Let me put it another way - unicode has this really cool set of features called properties that no other regex engine has been able to embrace. So let's say you want to design a new generation regex that supports unicode. Do you take the unicode definition of newline or the ascii definition or both? Sure raku regex is a "breaking change" to PCRE ... but it applies the KISS design principle and embraces all aspects of unicode in a single, unified approach. It eschews the idea that you should have a unicode mode and an ascii mode side by side. This is a good programming principle, right?

Raku has a very standardised design - so it applies the (very comprehensive) unicode properties to all the built in character classes where - not just \d, but \w, \n, \c etc. So for a coder that values elegance and power that is standard regardless of local language, this is a better solution than a mode bit (or manual distinctions). So it maybe that this is overkill just for \d ... but it is much more straightforward to have it everywhere the same.

Your Ezhil example is cool, but you do not explain that \w matches (etc) can be done in raku, and you would be stuck regexing Tamil without that, right? And your example will fail if someone uses a Tamil digit char instead of a latin digit char?
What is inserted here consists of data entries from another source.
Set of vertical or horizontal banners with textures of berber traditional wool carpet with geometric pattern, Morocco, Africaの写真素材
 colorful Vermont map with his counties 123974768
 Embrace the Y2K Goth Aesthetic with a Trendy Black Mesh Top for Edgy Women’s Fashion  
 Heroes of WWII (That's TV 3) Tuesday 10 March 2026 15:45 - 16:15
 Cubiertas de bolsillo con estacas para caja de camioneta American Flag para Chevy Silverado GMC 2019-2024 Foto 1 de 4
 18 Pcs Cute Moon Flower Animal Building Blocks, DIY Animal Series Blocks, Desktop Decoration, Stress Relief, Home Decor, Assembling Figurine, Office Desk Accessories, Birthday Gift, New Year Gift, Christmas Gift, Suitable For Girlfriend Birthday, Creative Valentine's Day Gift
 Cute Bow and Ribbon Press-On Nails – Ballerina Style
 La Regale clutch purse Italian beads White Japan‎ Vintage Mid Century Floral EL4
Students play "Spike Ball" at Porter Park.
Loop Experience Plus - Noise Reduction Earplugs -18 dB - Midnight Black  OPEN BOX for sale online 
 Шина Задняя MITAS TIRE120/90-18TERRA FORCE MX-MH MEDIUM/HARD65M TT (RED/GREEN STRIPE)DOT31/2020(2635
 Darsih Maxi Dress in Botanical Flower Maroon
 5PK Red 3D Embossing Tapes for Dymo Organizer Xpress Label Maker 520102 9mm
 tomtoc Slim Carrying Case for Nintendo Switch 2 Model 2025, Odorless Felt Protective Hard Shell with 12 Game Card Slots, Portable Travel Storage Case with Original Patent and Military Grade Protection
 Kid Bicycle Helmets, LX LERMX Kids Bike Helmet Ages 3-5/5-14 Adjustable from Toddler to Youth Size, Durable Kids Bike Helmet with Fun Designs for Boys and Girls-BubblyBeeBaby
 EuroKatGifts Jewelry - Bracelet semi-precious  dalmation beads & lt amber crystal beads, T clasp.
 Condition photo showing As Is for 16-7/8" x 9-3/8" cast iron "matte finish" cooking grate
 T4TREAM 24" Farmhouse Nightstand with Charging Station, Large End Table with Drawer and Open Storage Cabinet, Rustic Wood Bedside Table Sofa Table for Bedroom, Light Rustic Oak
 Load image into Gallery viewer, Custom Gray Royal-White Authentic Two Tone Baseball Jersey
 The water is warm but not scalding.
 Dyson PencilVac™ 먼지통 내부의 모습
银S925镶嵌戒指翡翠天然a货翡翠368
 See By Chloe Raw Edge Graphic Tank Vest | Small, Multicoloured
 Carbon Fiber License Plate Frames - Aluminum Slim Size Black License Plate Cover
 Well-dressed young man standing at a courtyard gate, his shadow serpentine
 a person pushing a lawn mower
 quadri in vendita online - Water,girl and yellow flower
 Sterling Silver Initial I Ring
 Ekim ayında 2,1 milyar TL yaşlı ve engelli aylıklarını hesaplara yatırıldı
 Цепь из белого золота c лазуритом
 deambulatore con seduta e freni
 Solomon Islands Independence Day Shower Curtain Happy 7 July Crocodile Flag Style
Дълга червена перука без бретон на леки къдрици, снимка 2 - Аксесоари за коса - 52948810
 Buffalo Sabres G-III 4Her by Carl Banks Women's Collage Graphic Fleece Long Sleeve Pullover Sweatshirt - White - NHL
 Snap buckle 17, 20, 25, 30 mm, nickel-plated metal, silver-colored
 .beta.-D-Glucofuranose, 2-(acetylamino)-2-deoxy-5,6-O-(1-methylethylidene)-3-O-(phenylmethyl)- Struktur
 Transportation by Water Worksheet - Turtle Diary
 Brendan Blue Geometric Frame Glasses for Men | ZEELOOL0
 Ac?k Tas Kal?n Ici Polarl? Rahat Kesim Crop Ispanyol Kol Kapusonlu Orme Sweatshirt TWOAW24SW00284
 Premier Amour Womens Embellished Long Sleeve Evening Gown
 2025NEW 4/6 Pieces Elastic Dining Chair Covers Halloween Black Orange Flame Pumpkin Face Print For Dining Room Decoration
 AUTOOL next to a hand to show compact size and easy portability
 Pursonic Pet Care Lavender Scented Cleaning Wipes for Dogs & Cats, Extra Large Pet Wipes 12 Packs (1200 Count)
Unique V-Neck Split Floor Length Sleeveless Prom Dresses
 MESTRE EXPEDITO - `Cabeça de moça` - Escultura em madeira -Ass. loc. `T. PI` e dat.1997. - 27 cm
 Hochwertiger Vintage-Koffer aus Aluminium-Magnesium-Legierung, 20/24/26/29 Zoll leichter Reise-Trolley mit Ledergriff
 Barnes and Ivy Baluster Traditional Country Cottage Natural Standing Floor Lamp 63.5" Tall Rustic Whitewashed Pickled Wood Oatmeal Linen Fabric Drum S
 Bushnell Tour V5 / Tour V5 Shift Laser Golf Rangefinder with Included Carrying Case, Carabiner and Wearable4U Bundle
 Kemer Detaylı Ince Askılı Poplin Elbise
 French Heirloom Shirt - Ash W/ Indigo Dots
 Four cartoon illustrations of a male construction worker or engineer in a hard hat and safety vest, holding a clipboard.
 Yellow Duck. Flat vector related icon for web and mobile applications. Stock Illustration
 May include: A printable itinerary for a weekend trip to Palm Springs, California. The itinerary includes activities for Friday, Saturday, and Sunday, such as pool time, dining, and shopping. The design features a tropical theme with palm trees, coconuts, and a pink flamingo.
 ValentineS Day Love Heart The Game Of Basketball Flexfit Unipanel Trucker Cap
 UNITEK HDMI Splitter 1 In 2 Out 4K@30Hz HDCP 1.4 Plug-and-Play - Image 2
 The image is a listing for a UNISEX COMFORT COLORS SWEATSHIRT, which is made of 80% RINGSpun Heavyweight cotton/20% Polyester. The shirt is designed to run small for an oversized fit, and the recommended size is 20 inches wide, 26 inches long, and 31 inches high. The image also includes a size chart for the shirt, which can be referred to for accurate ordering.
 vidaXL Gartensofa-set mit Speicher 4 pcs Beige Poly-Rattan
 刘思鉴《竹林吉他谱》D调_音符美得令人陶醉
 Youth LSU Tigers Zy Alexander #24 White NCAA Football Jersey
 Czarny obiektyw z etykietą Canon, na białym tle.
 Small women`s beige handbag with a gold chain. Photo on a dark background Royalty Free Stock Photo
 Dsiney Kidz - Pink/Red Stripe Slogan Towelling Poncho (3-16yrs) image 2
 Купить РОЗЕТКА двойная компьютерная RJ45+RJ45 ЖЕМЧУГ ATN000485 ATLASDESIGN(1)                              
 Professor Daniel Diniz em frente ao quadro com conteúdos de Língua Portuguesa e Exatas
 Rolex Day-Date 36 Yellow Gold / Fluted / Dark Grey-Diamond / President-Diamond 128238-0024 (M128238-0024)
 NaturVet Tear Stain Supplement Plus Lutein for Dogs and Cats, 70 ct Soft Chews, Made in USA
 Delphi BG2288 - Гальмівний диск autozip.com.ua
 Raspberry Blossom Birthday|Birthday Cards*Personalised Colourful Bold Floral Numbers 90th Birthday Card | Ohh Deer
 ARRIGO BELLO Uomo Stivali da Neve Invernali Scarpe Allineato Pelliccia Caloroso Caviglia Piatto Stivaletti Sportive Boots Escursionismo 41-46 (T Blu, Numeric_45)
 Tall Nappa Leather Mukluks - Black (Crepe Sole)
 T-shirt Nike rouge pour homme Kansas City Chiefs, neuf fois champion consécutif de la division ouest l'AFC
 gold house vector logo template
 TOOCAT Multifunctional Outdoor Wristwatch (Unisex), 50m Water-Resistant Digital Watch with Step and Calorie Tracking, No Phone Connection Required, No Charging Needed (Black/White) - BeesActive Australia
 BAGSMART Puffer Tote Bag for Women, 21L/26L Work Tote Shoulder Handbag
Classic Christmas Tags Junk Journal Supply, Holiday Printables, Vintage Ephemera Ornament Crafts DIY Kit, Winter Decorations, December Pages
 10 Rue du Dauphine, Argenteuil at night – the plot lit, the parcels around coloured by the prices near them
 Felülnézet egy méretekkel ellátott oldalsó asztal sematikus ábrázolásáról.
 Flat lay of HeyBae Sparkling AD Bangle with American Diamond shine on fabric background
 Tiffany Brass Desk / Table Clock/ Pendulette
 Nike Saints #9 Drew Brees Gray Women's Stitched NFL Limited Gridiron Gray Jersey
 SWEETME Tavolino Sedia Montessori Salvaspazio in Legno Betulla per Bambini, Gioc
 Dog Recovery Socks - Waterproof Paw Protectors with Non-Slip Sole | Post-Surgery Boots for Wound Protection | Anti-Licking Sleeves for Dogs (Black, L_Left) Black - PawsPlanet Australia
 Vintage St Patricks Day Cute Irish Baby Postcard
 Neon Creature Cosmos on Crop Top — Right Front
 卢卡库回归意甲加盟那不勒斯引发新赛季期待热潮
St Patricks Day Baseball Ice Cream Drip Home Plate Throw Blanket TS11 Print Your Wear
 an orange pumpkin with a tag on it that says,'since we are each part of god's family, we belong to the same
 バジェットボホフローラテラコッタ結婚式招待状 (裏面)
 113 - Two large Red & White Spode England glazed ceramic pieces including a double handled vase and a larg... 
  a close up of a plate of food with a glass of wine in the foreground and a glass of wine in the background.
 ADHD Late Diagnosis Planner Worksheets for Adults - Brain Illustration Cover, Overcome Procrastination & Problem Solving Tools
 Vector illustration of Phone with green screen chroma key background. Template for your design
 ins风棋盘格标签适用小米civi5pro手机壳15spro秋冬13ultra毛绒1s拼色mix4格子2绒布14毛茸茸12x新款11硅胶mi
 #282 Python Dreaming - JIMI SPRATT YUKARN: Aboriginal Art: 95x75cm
What if there were a programming language that can do pretty much what Ezhil can do (yes including localised / unicode operators in a sub language or 'slang') - but for every system of writing on the planet.

Oh - there is and it's called raku.

p6steve • Mar 10 '22

gist.github.com/raiph/32b3ba969b4e...

A major difference is that PEGs only support a deterministic ordered choice operator. Raku supports that but also a non-determinstic | LTM (Longest Token Matching) choice operator. Instead of trying a sequence of matches, and picking whichever alternative first matches, LTM picks whichever alternative matches the most input against the "declarative" start of its pattern. For example, matching the input aaa against . | .. | ... will match aaa, not a. This is a more natural, succinct, and algorithmically performant way to specify grammar rules than the simplistic ordered choice operator. (More algorithmically performant because the alternatives are compiled into an NFA.)
For more info about why this non-deterministic choice is significant, see the Parsing composed grammars section near the end of What are Raku Grammars? In particular, how do they compare with Parsing Expression Grammars (PEGs)?